## Exercise
Please restate, word for word, the lines below that begin at the one with "Unlimited Colors! Mens Mockup Bundle" and end at the one with "N~2~,N~7~-diis". Leave out all other lines.

## Provided records
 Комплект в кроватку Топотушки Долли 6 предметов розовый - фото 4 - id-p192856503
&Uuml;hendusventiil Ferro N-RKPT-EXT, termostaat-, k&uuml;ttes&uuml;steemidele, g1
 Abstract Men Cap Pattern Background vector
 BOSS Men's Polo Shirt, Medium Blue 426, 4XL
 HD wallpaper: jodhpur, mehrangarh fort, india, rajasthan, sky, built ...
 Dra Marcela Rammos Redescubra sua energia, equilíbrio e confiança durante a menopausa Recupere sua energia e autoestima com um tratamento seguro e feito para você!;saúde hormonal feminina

==

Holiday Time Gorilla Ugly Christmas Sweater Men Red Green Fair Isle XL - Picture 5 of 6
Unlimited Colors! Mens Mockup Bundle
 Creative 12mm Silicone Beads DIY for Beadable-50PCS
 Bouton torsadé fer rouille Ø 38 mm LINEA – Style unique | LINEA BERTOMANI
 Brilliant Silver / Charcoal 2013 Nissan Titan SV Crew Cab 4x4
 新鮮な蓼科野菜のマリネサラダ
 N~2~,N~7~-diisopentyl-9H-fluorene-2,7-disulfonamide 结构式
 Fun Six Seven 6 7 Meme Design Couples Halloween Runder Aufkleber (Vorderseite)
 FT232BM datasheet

* * *

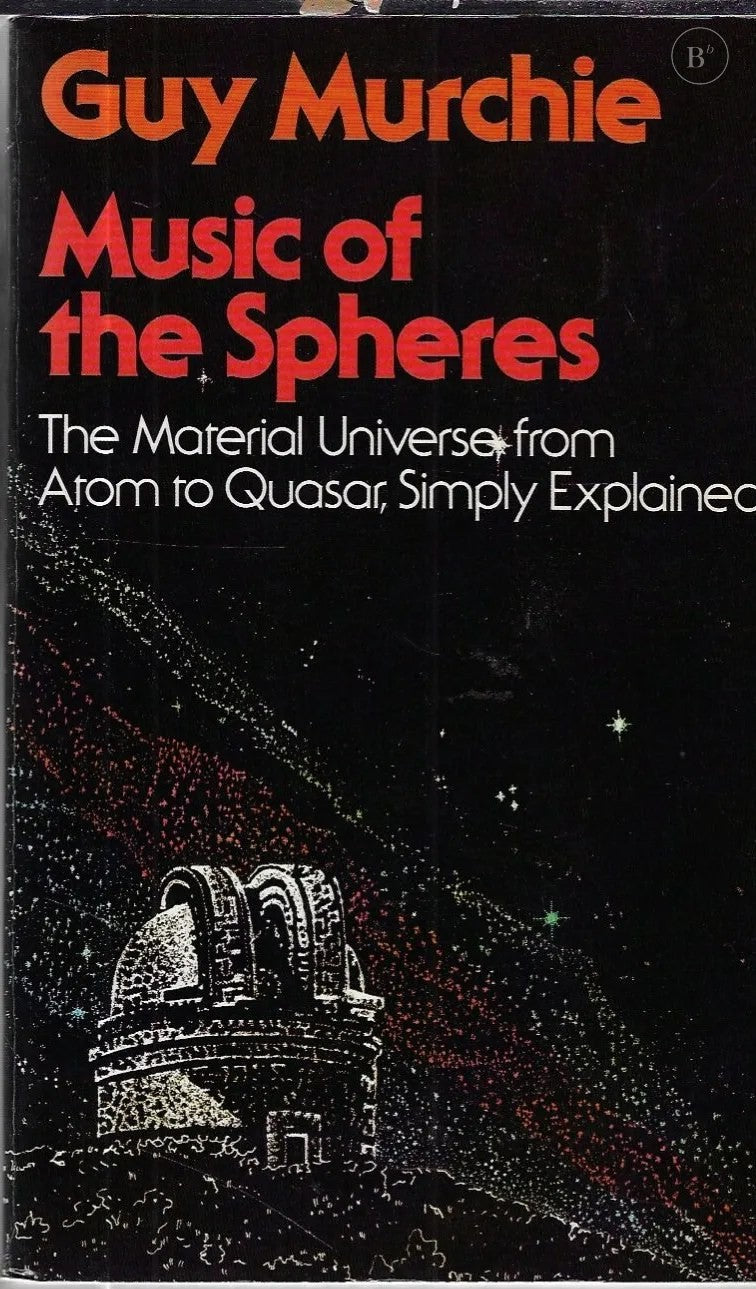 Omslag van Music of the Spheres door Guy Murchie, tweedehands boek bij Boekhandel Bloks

## Exercise output
Unlimited Colors! Mens Mockup Bundle
 Creative 12mm Silicone Beads DIY for Beadable-50PCS
 Bouton torsadé fer rouille Ø 38 mm LINEA – Style unique | LINEA BERTOMANI
 Brilliant Silver / Charcoal 2013 Nissan Titan SV Crew Cab 4x4
 新鮮な蓼科野菜のマリネサラダ
 N~2~,N~7~-diisopentyl-9H-fluorene-2,7-disulfonamide 结构式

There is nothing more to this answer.